Agradeço a todos que de uma forma ou outra e me auxiliaram, quer fosse telefonando, mandando mensagens de apoio (cel. e-mail, orkut, etc,...), rezando, indo ao hospital ou em casa, em fim, da forma que fosse,... Sei que alguns não foram ao hospital porque os horários eram complicados. E também teve os que não foram por opção própria. Mas entendo e respeito, pois afinal de contas ver um amigo deitado e imóvel numa cama? Não deve ser uma cena muito fácil da mente aceitar. Mas digo uma coisa para vocês, quando tiverem alguém conhecido num hospital vão visitá-lo, porque vocês (por mais que saibam), não têm noção o quanto é bom ver rostos conhecidos. Também tiveram aqueles que desde o inicio se propuseram em ajudar financeiramente, cedendo o valor pra minha remoção pra casa (a prefeitura não faz), conseguindo o empréstimo da cadeira de rodas, trazendo ela de Canoas até aqui, comprando o colchão piramidal, a almofada piramidal (muito útil), entre tantas outras coisas.
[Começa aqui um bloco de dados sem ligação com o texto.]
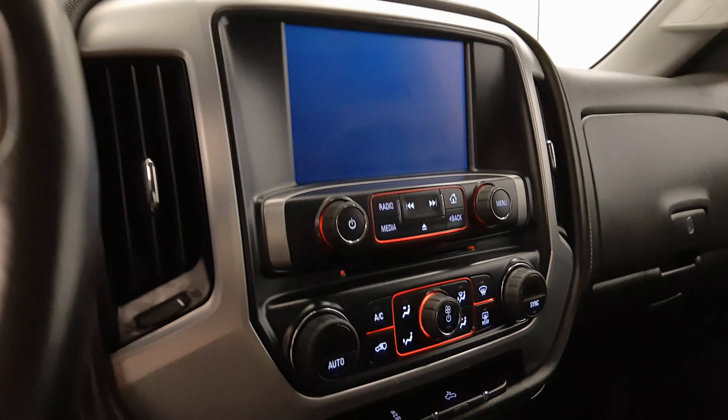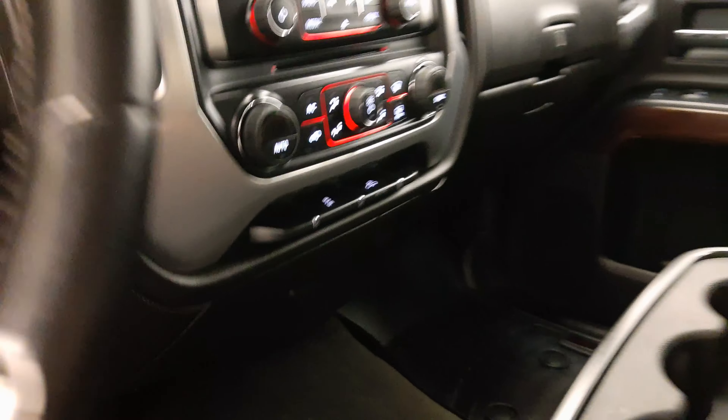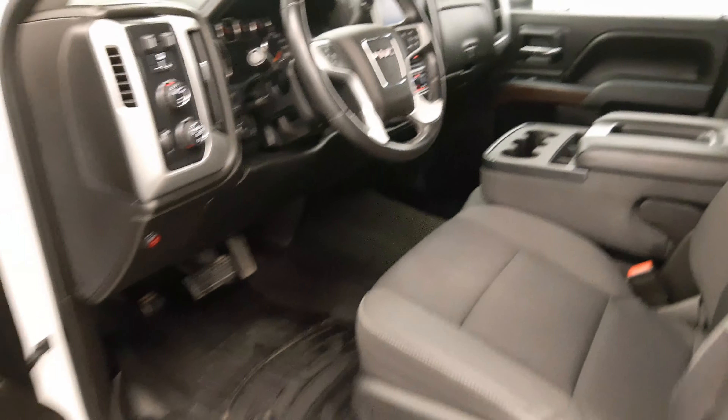OnStar, infotainment system with CD, AM, FM radio, climate control with AC, traction control and rear cargo line-up control, and our interior colour is grey and black.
Mais adiante, meu pai (que dava uma força nas despesas), faleceu após 16 dias internado no HPS. E mais uma vez pude contar com os amigos que moveram uma campanha para me dar um apoio. Tem um colega de pedal de muitos anos que uma vez por mês passa no BIG e quando vem me visitar esquece aqui umas sacolinhas, heheh. Também teve uma noite que o pessoal do passeio noturno (+/- uns 50 ciclistas), veio até este fim de mundo aqui trazer frutos da campanha e principalmente me dar um abraço,... bate a emoção só de lembrar,... e jamais esquecendo os que mesmo tendo de trabalhar (ou não) no dia seguinte passaram algumas noites comigo no hospital.


Eu e o meu pai,...



Por essas e outras que eu digo:

“Meus amigos,... muito obrigado por tudo,... obrigado mesmo!!!”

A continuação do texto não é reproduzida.